L’un des contestataires de cette clause, le leader du Bloc libéral Faya Millimouno met finalement en veilleuse ses griefs contre l’accord politique et le code électoral, pour accorder la priorité à la tenue effective des élections. Avec une condition cependant : que « la nouvelle version promulguée garde une cohérence interne suffisante pour encadrer le scrutin » sans désavantager un candidat, insiste Faya Millimouno.
Le gouvernement assure avoir respecté l’avis de la Cour constitutionnelle
Dans son arrêt 023 du 15 juin 2017, la Cour constitutionnelle avait relevé l’inconstitutionnalité de plusieurs dispositions du nouveau code électoral, tout en estimant celles-ci « détachables de l’ensemble ». Lors du conseil des ministres du 13 juillet dernier, Alpha Condé avait demandé à son gouvernement « d’assurer un suivi de la mise en forme du code électoral au niveau de l’Assemblée nationale conformément à l’arrêt de la Cour constitutionnelle afin de finaliser les formalités de promulgation ».

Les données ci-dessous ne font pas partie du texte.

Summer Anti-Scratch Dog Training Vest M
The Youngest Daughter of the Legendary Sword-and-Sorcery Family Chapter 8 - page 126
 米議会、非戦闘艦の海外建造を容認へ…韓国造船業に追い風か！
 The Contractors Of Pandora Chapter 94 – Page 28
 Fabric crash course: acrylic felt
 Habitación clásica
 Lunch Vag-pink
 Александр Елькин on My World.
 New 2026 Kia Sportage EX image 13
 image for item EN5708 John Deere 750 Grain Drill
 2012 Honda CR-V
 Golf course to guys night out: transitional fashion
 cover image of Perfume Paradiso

En quoi consistait cette mise en forme ? Et a-t-elle été faite ? « Dès l’instant que la Cour constitutionnelle a donné son avis, le code électoral a été retourné à l’Assemblée nationale pour la prise en compte des observations », explique le porte-parole du gouvernement, Damantang Albert Camara. Ce qui veut dire que toutes les dispositions du code jugées contraires à la Constitution « ont été revues et corrigées conformément aux directives de la Cour constitutionnelle », assure-t-il.
Un vote passé pendant les vacances de l’Assemblée
Mais pour le juriste Mohamed Camara, « la procédure n’a pas été respectée. L’Assemblée nationale étant en vacances parlementaire. Il fallait plutôt convoquer une session extraordinaire afin de plancher sur les aspects importants du code qui doivent régir le processus électoral de bout en bout ».
Effectivement, le réexamen du code électoral a eu lieu à l’Assemblée nationale, mais pas en séance plénière. « Comment voulez-vous que cela se fasse en plénière, alors qu’on est vacances ? », s’interroge un député de l’Opposition. Le travail a été fait par la Commission des lois et a permis de ramener le texte de 116 à 105 articles, soit moins que ceux déclarés contraires à la Constitution. Ce qui « ne nécessitait pas le vote de l’ensemble des députés », conclut le député sous couvert de l’anonymat.